Responding in the same article the MHRA refuted Nelsons’ statements, adding that the rules were introduced, “to address the anomalies in regulating homeopathic medicinal products and enable consumers to make an informed choice”. This is a somewhat disingenuous stance, because in its consultation on the proposed rules the MHRA stated that to do nothing would, “inhibit the expansion of the homeopathic industry”. Why should the MHRA be worried about that? The answer may be simple. The MHRA is not funded from taxation, but from fees, mostly from product licenses. Golden eggs and geese perhaps spring to mind.

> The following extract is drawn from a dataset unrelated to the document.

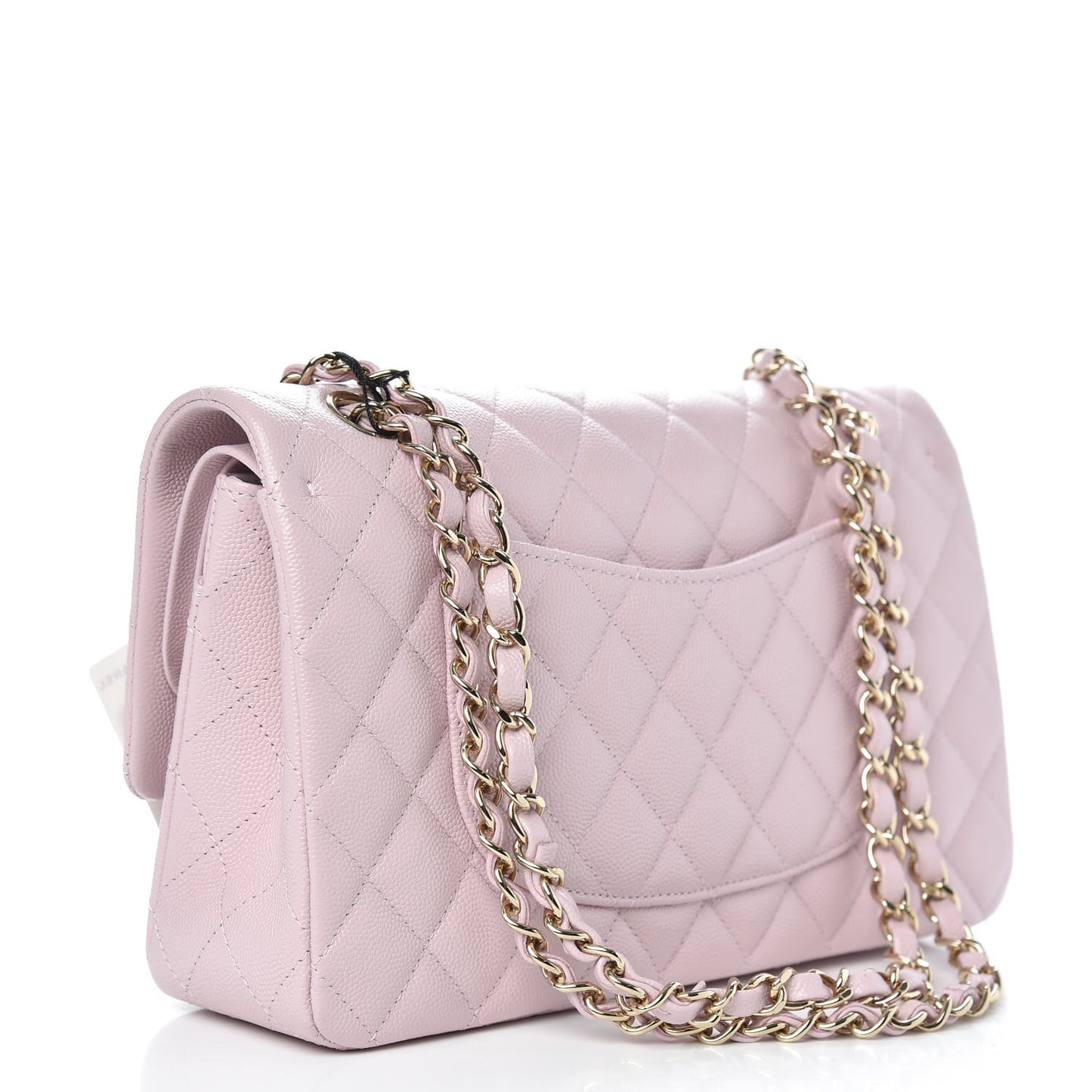 Caviar Quilted Medium Double Flap Light Pink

At the time the MHRA argued that it was obliged to introduce the rules by a European Directive, which was not quite correct as the Directive could have been satisfied by sensible legislation. For example, products on the market before 1971 (when the 1968 Medicines Act came into force) have licences of right which carry indications, and these could simply have been phased out and no new indications allowed. But then there would have been no new licence fees.

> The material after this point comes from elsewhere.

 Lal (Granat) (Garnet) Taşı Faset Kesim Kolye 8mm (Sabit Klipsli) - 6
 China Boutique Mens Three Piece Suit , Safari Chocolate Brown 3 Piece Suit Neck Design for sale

As it happens the actual clinical evidence for homeopathic arnica is well worth an examination. It is one of the most intensively researched homeopathic remedies, the outcome of which is—nothing. A systematic review of all eight randomised controlled trials of homeopathic arnica concluded as follows: “The claim that homeopathic arnica is efficacious beyond a placebo effect is not supported by rigorous clinical trials” [3]. It can be hardly any clearer that there is no effect. It seems ironic that a therapeutic indication can be awarded in the first instance to perhaps the most clearly ineffective remedy that could have been selected. As the review’s author, Edzard Ernst, professor of complementary medicine at Peninsula Medical School, Exeter, commented to HealthWatch, “This demonstrates just how silly the MHRA’s regulation really is.”
Les Rose
Freelance consultant clinical scientist
References
1. See online report at http://www.pjonline.com/news/homoeopathic_remedy_receives_approval_for_labelling_with_therapeutic_indications
2. http://www.healthwatch-uk.org/Position
homeopathic regulation.pdf
3. Ernst E, Pittler MH. Efficacy of Homeopathic Arnica. A Systematic Review
of Placebo-Controlled Clinical Trials. Arch Surg 1998; 133: 1187–1190.